If an organization is able to live up to its core values even in the busiest of times, you know they are doing something right. United for a Fair Economy (UFE) is doing something right. I couldn’t think of a softer landing into a 9-5 office job than my last two weeks. I flew into the organization at a busy time: it is the end of the fiscal year and the team had just held a training and retreat in the weeks before Zach, a fellow intern, and I began. Despite the hubbub, the office feels like a community. People care that others take time for themselves, they check in on each other, share stories about life outside the office, and the work that we do is done in collaboration.

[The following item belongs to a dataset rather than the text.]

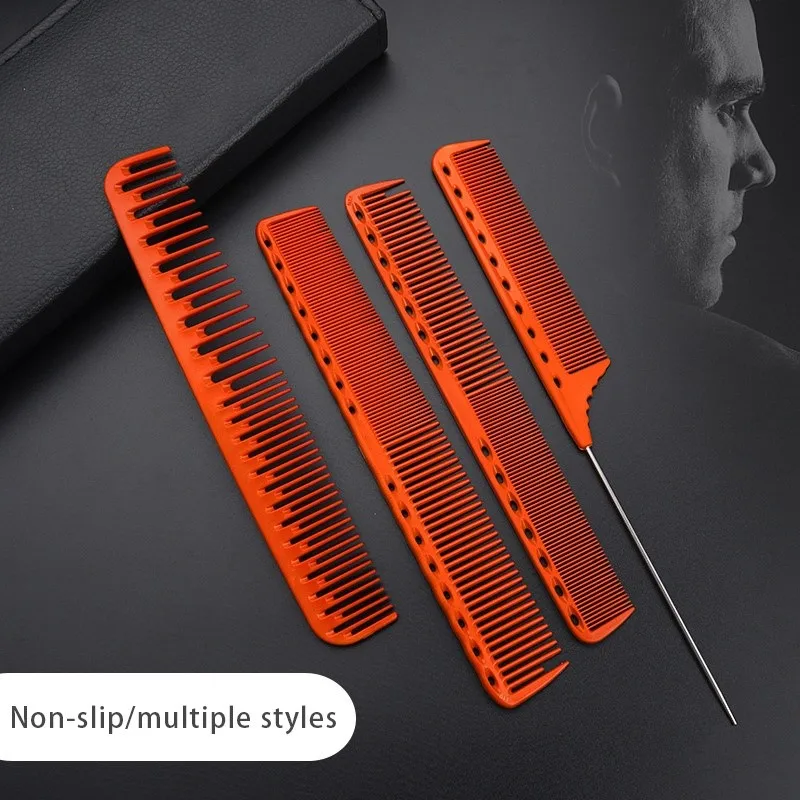 Men\'s Haircut Comb High Temperature Resistant Trimming Comb Women\'s Home Apple Comb Barber Shop Professional Accessories Tools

This atmosphere is important because United for a Fair Economy is an organization built on a long-term vision of challenging the inequitable concentration of wealth in the US, with an eye to the race, gender, and power dynamics at the core of this inequality. UFE understands that this long-term vision can only be accomplished if the people at the forefront of these issues and movements care for themselves and each other. The organization does this by training community organizers in healing and transformative justice techniques, but it also does this by integrating these practices into the ethos of the organization. For me, this was a breath of fresh air.
Healing justice is a newer addition to the work of UFE, but in September, United for a Fair Economy will be celebrating 25 years of movement-building for economic justice. They do this work through popular economic education, training of movement leaders, creative communications such as infographics and accessible publications on the racial wealth divide, a Responsible Wealth program that mobilizes the wealthy to advocate for economic mobility, and more. I am excited to spend my summer with such a driven, value-based organization that has been successful in turning that vision into tangible skills and action to move efforts forward in a broad, long-listing way.
I was drawn to UFE because of my studies and movement work in the area of economic justice, not only because it aligned with my personal and academic interests, but because the economic analysis and the broader picture have been missing from much of the individual campaign work that I have been involved in. The work that I will be doing this summer will largely be development work: helping to process donations, preparing for the anniversary celebration, and doing grant research, among other things. I am learning a lot about how an organization like UFE functions, which comes with valuable skills that I will take with me into other work environments. By interning at United for a Fair Economy I am able to support the work of an organization that is invaluable in a national effort for economic justice, an organization that I believe in.